Different smart contract systems exhibit different levels of performance for the execution of the first class of instructions. The previous blog post showed that WebAssembly smart contracts can be more performant than EVM smart contracts. However, storage instructions will take roughly the same amount of time for each smart contract technology as their execution speed is limited by the underlying database of the blockchain.

This has an interesting implication: if the original smart contract is less heavy on computation, then the performance difference between WebAssembly and EVM will be less pronounced. This becomes apparent in the following diagram. Here we suppose that WebAssembly can execute computational instructions twice as fast as EVM. The upper row represents a smart contract that is computationally expensive. The lower row represents a smart contract that has a high proportion of storage instructions. Note that the execution of the storage instructions takes the same amount of time for both Wasm and EVM smart contracts. Observe that the difference in execution time is smaller for the latter smart contract.

For the comparison of the performance of Wasm and EVM in the previous blog post we considered only the extreme case where the smart contract comprised computation instructions only. This extreme case reflects the maximally possible performance difference.

Smart Contracts Comparison Taking into Account Storage Instructions

We will now have a look at smart contracts that use computational as well as storage instructions. Our results are shown in the chart below. Each line represents a combination of source language and smart contract engine:

  • Ink: smart contract written in Ink! and compiled to Wasm
  • Wat: smart contract written in Wasm text format and compiled to Wasm
  • Solang: smart contract written in Solidity and compiled to Wasm via Solang
  • EVM Pallet: smart contract written in Solidity, compiled to EVM and executed via Substrate’s pallet-evm
  • Go Ethereum: smart contract written in Solidity, compiled to EVM and executed in the Go Ethereum client

The horizontal axis stands for the percentage of storage instructions in relation to all executed instructions. The vertical axis measures the execution time. Note that both axes are logarithmic. The diagram shows that the difference in execution time diminishes for smart contracts with higher utilization of storage instructions. Two observations are noteworthy: firstly, the fact that the Go Ethereum line crosses the lines for the Wasm based technologies is due to the fact that Go Ethereum uses a storage implementation that differs from the one in Substrate’s pallet-contract and is more efficient. This gives Go Ethereum a performance edge in case the smart contract interacts a lot with the storage. Secondly, the difference between the performance of the EVM Pallet line and pallet-contracts even increases further for storage heavy smart contracts (the logarithmic scale makes this hard to see).

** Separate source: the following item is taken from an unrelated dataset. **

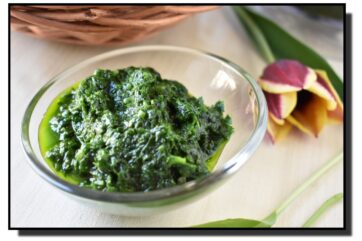 Pesto z medvědího česneku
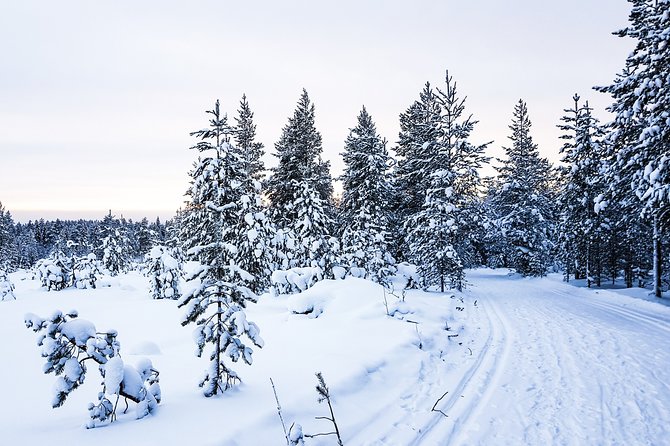 Snowmobile Safari in the Nature - Morning start - Who will enjoy this morning safari?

Where would a typical smart contract be located in this diagram? To answer this question we analyzed a huge number of smart contract executions from the smart contract library Open Brush by Supercolony. We consider these prototypical practical smart contracts. The ratio of storage to computational instructions vary wildly for each smart contract execution. The next diagram shows the frequencies we determined. Most executions fall into the range between 0.05 and 0.1, i.e., most smart contracts execute 5% to 10% storage instructions.

Conclusion

We conclude that Wasm is still the most performant smart contract technology even for practical smart contracts that access the blockchain storage.